Es mutet erstaunlich an, aber gerade die großen Panoramen schärfen seinen Blick fürs Detail. In der Natur entstandene gedankliche, wie schriftliche Farbnotizen von Felsstrukturen dienen der Konservierung der Landschaften. Sie sind erste Vorlagen für die Arbeit im Atelier. Dort, im Atelier entstehen seine Werke.
Eigentlich ist Wolfgang Bühler ein ungegenständlicher Maler. Seit jeher fasziniert ihn das Malerische der Farbe. Sein Farbspektrum ist leise, verhalten, fast melancholisch. Ihn interessieren gedeckte Zwischentöne. Rötlich beispielsweise oder bläulich, Farbnuancen, die Stimmungen auslösen oder Stimmungen verbildlichen. Es geht ihm um feine Übergänge, um zarte Strukturen die er in vielschichtiger Lasurtechnik gewinnt. Lange Zeit war Bühler das Ringen um Strukturen, das Abwägen von farbigen Nuancierungen Bildwelt genug. …
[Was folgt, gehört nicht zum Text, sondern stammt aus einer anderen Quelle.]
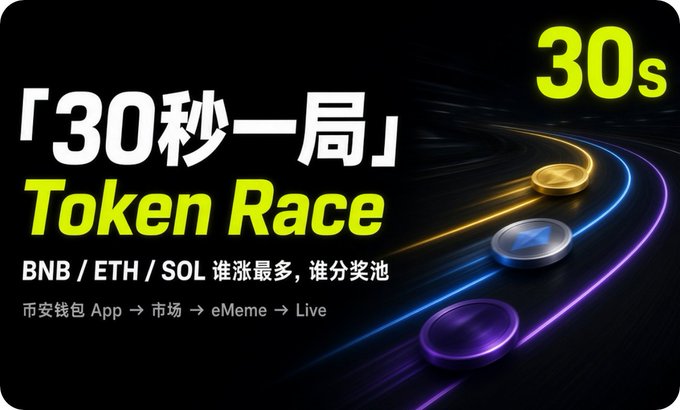 A promotional banner for a crypto trading game titled 'Token Race' with Chinese text 「30秒一局」 (30 seconds per round), featuring BNB/ETH/SOL tokens racing on neon light tracks, with instructions to access it via Binance Wallet App → Market → eMeme → Live.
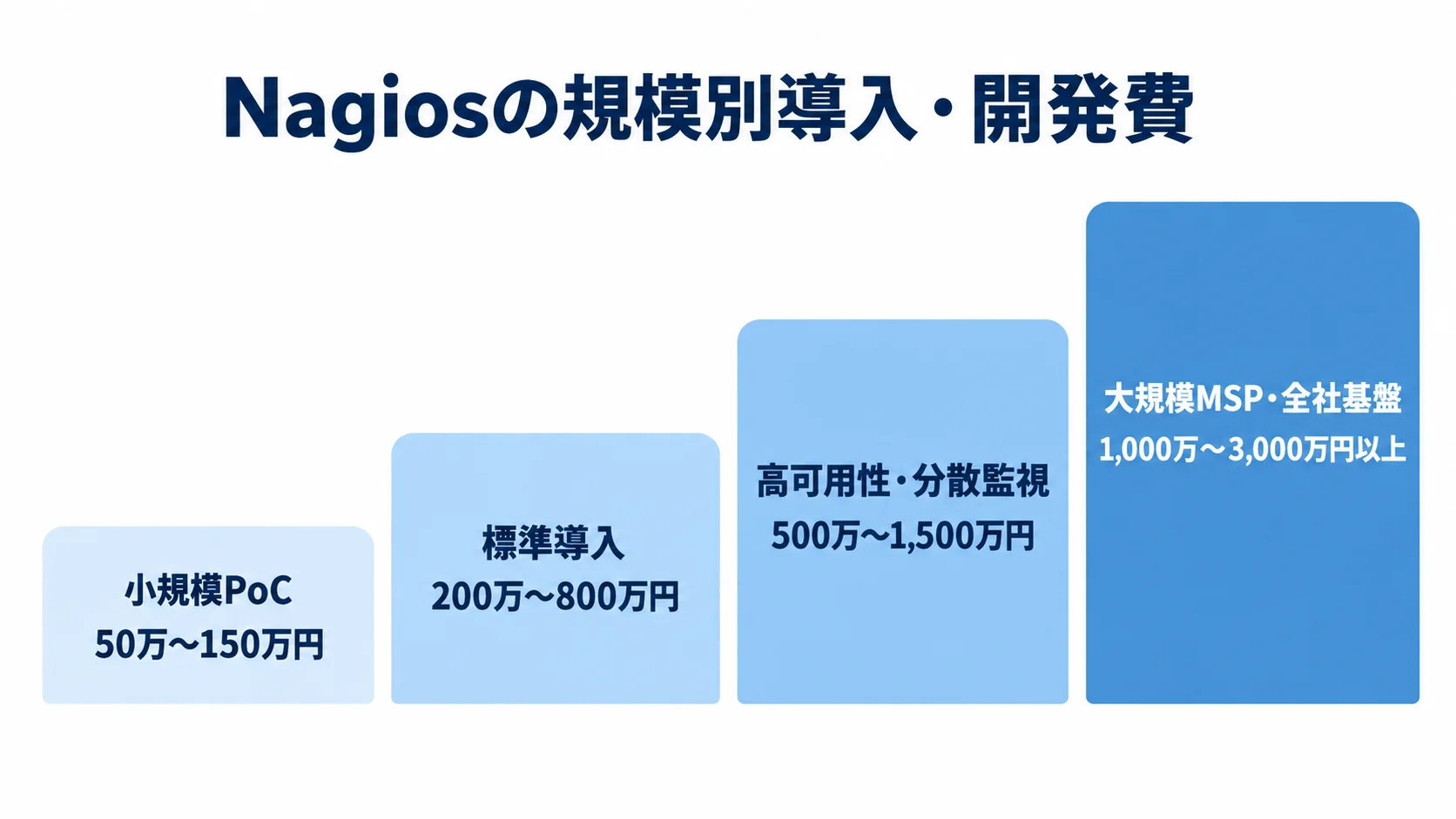 Nagiosの規模別導入・開発費の推定レンジ 小規模PoCから大規模MSP・全社基盤まで、Nagiosの規模別導入・開発費の推定レンジを小さい段階から大きい段階へ並べた尺度図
Die handwerklich-technische Raffinesse und die gedeckte Farbigkeit verleihen Bühlers Bildern eine ätherische Vielschichtigkeit. Sie atmen Stille.
Diese Stille ist eines der Geheimnisse der Arbeiten, der großformatigen Leinwände, wie auch der kleinformatigen Aquarell- und Tusche/Tinte-Arbeiten auf Papier.
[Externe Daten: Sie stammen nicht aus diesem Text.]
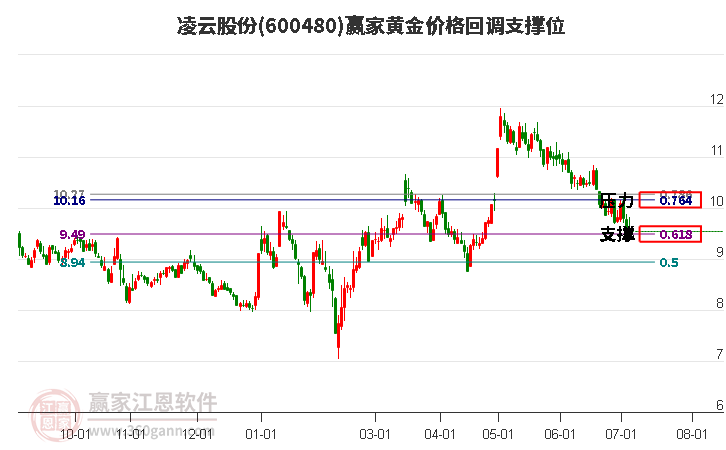 600480凌云股份黄金价格回调支撑位工具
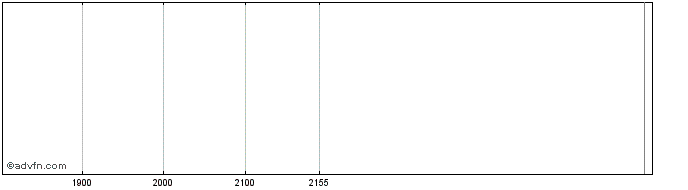 Intraday SEG AL BAHIA ON  Price Chart for 04/6/2024
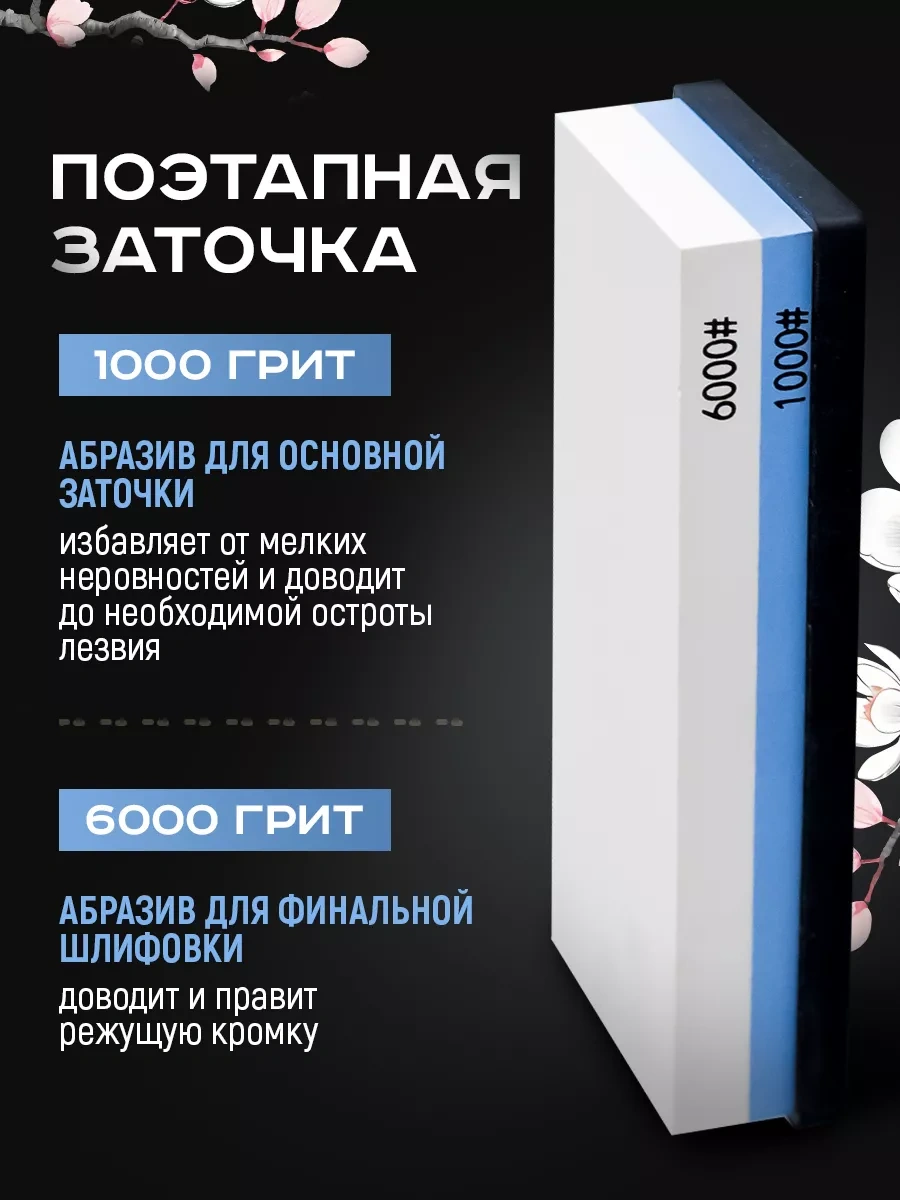 Conflate Bıçak Bileme Taşı Su Bazlı Bıçak Bileme File 198065658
Die Spannung zwischen der eigentlichen Darstellung und dem Gehalt macht den großen Reiz der Arbeiten aus. Dargestellt ist unbelebte Natur und offene Weite bis zum Horizont. Die feinteilige Struktur der Bildkörper erzeugt zugleich eine Nähe, erinnert an stark vergrößerte Partien einer vom Leben gezeichneten Haut. Der Betrachter wird so in sein Innerstes geführt. Seine eigene Vorstellungswelt füllt die Bildräume mit den Produkten der individuellen Phantasie.
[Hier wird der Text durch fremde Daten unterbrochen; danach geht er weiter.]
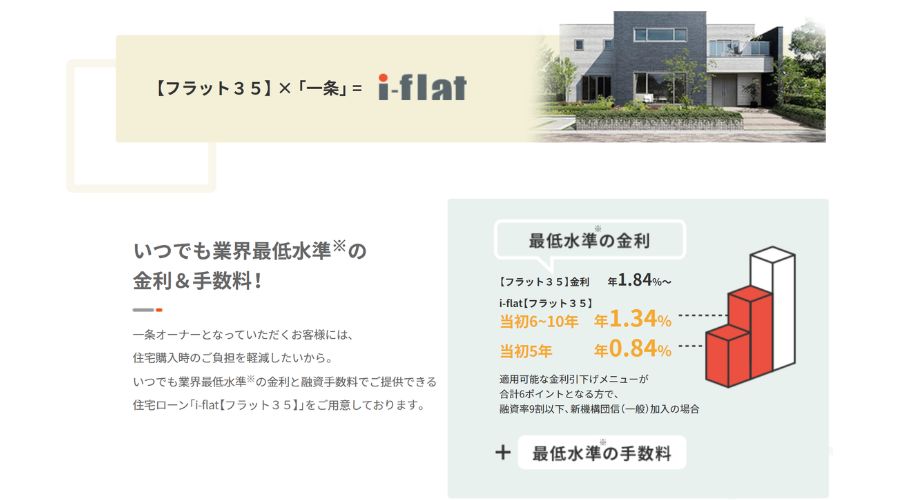 iflatローンについて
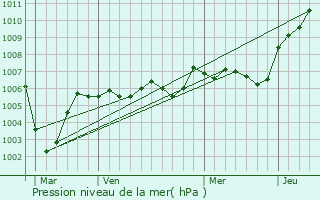 Graphe de la pression atmosphrique prvue pour Clairoix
Die Wanderung des Auges in die Ferne führt den Betrachter zurück ins Ich.
Dr. Anna Scherbaum
Prof. Dr. Jens Kulenkampff
Gedanken über Wolfgang Bühlers Landschaften
"…zur distanzierten Betrachtung paßt die Ruhe, die die Bilder ausstrahlen. Diese wiederum verdankt sich zum einen der geradezu klassischen Komposition der Bilder: einer Verteilung der Massen, die sich im Gleichgewicht hält, ohne gewollt zu wirken. Räumliche Tiefe verdanken die Bilder dem klassischen Prinzip der Luftperspektive und oftmals der Gliederung in einen eher schattigen Vordergrund, einen aufgehellten Mittel- und noch helleren Hintergrund, den die zentralen, von fernem Licht angestrahlten Massive einnehmen, hinterfangen nur noch von hohem wolkenlosen Himmelblau. Zum andern verdankt sich die Ruhe der Bilder einer zusammenschließenden Atmosphäre, die durch die jeweils fein abgestimmte und in sich geschlossene Palette erzeugt wird, die jedem Bild seinen eigenen Farbenraum zuweist, meist im Bereich der lichten Grau- und Blautöne, manchmal ins Rötliche, manchmal ins Bräunliche spielend, nie laut und von einer heutzutage ungeahnten coloristischen Raffinesse.
…Lösen wir uns von der Landschaft, gewinnen die Gemälde reinen Farbenklang und tritt etwas abstrakt Graphisches hervor, das nur gesehen und betrachtet, nicht gedeutet werden will.
Einmal vom ersten, dem Blick auf die Landschaft befreit, locken die Bilder den Betrachter, näher heranzutreten und ihnen gewissermaßen auf den Leib zu rücken. Da, mit einem Mal, eröffnet sich ihm eine völlig neue Dimension: eine mikrologische Welt verschiedenster, feinster Formen und Strukturen, an kristalline Nadeln oder Halme erinnernd und erzeugt von mehreren lasurartigen Farbschichten, die übereinander liegen, die die tieferen teils verdecken, teils durchscheinen lassen und die einen ungeahnten Reichtum an Farben offenbaren, deren Zusammenklang sich aus dem Abstand der ersten Betrachtung als einheitlicher Farbton darstellt. Das Geheimnis, das diese Bilder der Nahsicht preisgeben, ist das Geheimnis der Malerei…" Wolfgang Bühlers selbst: Aus durchscheinenden Farbschichten, die er – hier dichter, dort weniger dicht – Strukturen bilden läßt, entstehen fein strukturierte Flächen, die er mit einer Linie abgrenzt und aus denen er seine Bilder baut, die man ansehen kann als unendlich reizvolle Farbkompositionen, als gegenstandslose Lineamente und graphische Gestalten oder als kristallklare Landschaften, die es nirgends gibt als allein auf diesen Bildern.